22. In P.Anantha Krishnan Nair vs. Dr.G.Ramakrishnan and another- 1987(2) SCC 429, while considering the scope of an enquiry under Section 9 of City Tenants' Protection Act with respect to convenient enjoyment of land, the Supreme Court indicated that the tenant must be in occupation of the land. The observation reads thus :-
"11. ... The policy underlying Section 9 of the Act, is directed to safeguard the eviction of those tenants who may have constructed superstructure on the demised land, so that they may continue to occupy the same for the purposes of their residence or business. Section 9(1)(b) ordains the court to first decide the minimum extent of the land which may be necessary for the convenient enjoyment by the tenant, it therefore contemplates that the tenant requires the land for the convenient enjoyment of the property. If the tenant does not occupy the land or the superstructure or if he is not residing therein or carrying on any business, the question of convenient enjoyment of the land by him could not arise. The court has to consider the need of the tenant and if it finds that the tenant does not require any part of the land, it may reject the application and direct eviction of the tenant, in that event the landlord has to pay compensation to the tenant for the superstructure."
23. In Hamasa Patel and two others vs. S.Balakrishnan and another- 1997 (3) LW 769, a Division Bench of this Court held that physical possession of the property is sine quo non for the tenant seeking to purchase the leasehold premises, under Section 9 of City Tenants' Protection Act.
24. The Supreme Court in S.R. Radhakrishnan v. Neelamegam, (2003) 10 SCC 705 indicated that the tenant must satisfy the following four conditions to claim the rights conferred by City Tenants' Protection Act :-
(i) He should be a tenant in possession of the land.
(ii) He should have erected a superstructure on the land in respect of which he would be entitled to claim compensation under Section 3.

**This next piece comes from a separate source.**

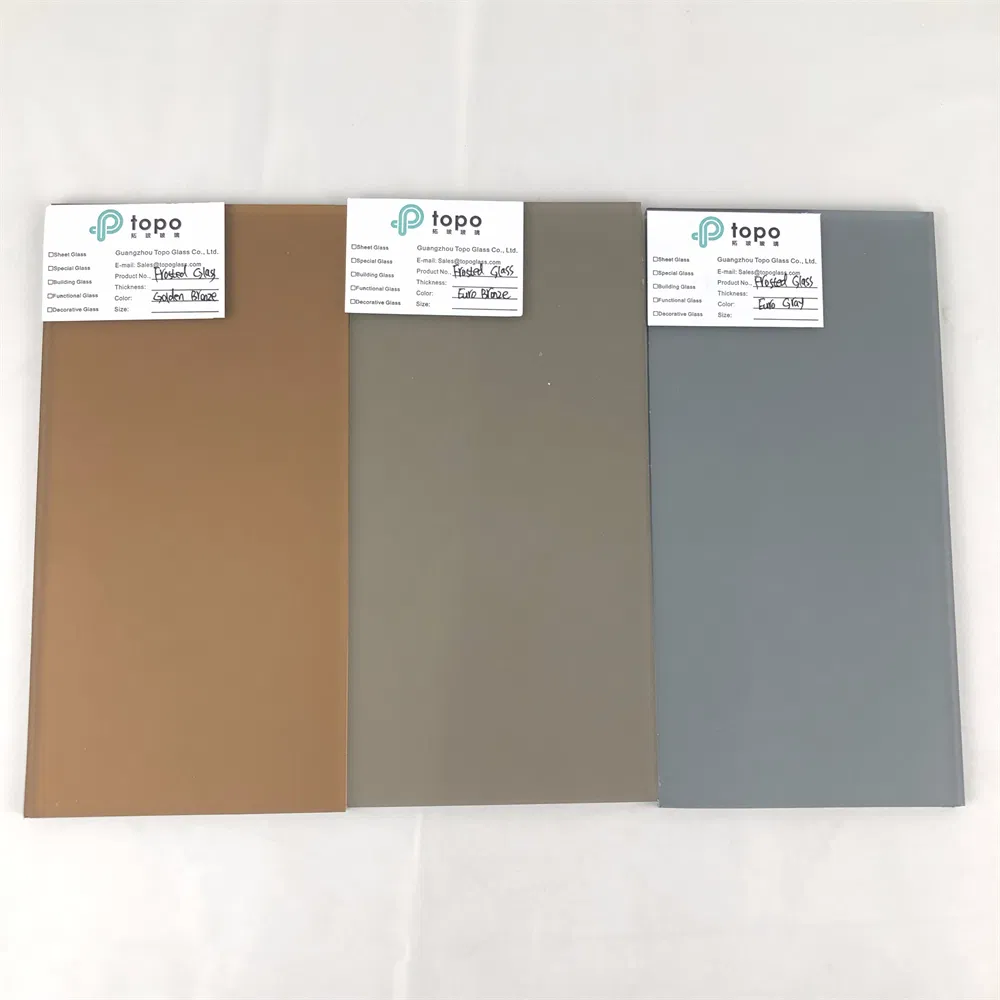 4mm-12mm Acid Sandblasted Satin Etched and Frosted Glass (FG-TP)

(iii) A suit or proceeding for eviction should have been taken by the landlord against him.
(iv) He should have applied to the court for direction in that regard within one month from the date of service of summons in such suit.
25.In S.R.Radhakrishnan (supra), Supreme Court further held that actual physical possession is essential in the context of relevant provisions of City Tenants' Protection Act. The observation read thus :-
13. ... Actual physical possession is essential in the context of relevant provisions of the Act. In fact in P. Ananthakrishnan Nair v. Dr G. Ramakrishnan (though cited by the learned counsel for the appellant), it was held by this Court that the premises must be in personal occupation of the tenant before he could exercise the right under Section 9 of the Act. It was also observed by this Court that: (SCC pp. 437-38, paras 10-11) Section 9 confers an additional statutory right on a tenant against whom suit for ejectment is filed to exercise an option to purchase the demised land through the medium of court on fulfilment of conditions specified therein. It is not an absolute right, as the court has discretion to grant or refuse the relief for the purchase of the land. The tenant has no vested right in the property, instead it is a privilege granted to him by the statute which is equitable in nature. The policy underlying Section 9 is directed to safeguard the eviction of those tenants who may have constructed superstructure on the demised land, so that they may continue to occupy the same for the purposes of their residence or business.
From these observations it follows that actual physical possession of the demised premises of the tenant is the sine qua non of an application under Section 9."
26. In C.A.No.5903/2006 (BPCL vs. Nirmala and others) dated 03.12.2009, the Supreme Court recently held that in order to claim the benefits of sub-clause (b) of Section 2(4)(ii) of City Tenants' Protection Act, the tenant must be in actual physical possession. The Supreme Court further held that the Petroleum Corporations having given the actual possession of the land to dealers, cannot claim the benefit of Section 2(4)(ii)(b). However, the Supreme Court further indicated that "had the words "possession" alone been used in clause (b), as has been done in clause (a), the legal position might have been different".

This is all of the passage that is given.